¹The US-based companies contacted are all members of Ponemon Institute’s benchmark community. Most of these are organizations that have utilized the Institute’s benchmarking services for cost analysis over the past 12 years.
Part 4. Sample of Participating Companies & Data Centers
The following table summarizes the frequency of companies and separate data centers participating in the benchmark study. As reported, a total of 16 industries are represented in the sample.

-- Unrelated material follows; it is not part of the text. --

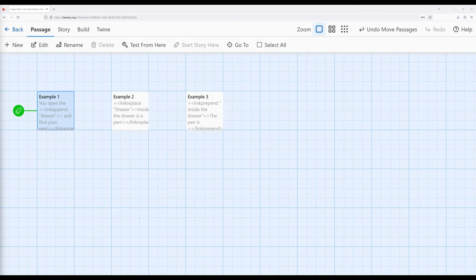Welcome to a tutorial on Twine 2.6. In this video, I'm going to cover link appending, replacing, and prepending in Sugarcube 2.36.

Our final sample includes a total of 50 separate organizations representing 67 data centers – which is the unit of analysis. A total of five organizations were rejected from the final sample for incomplete responses to our survey instrument, thus resulting in a final sample of 67 data centers.
The following table summarizes participating data center size according to total square footage and the duration of both partial and complete unplanned outages. The average size of the data center in this study is 12,558 square feet and the average outage duration is 86 minutes.
Pie Chart 1 summarizes the sample of participating companies’ data centers according to 16 primary industry classifications. As can be seen, financial services and co-location services are the two largest industry segments representing 15 and 10 percent of the sample, respectively. Financial services companies include retail banking, insurance, brokerage, and investment management companies.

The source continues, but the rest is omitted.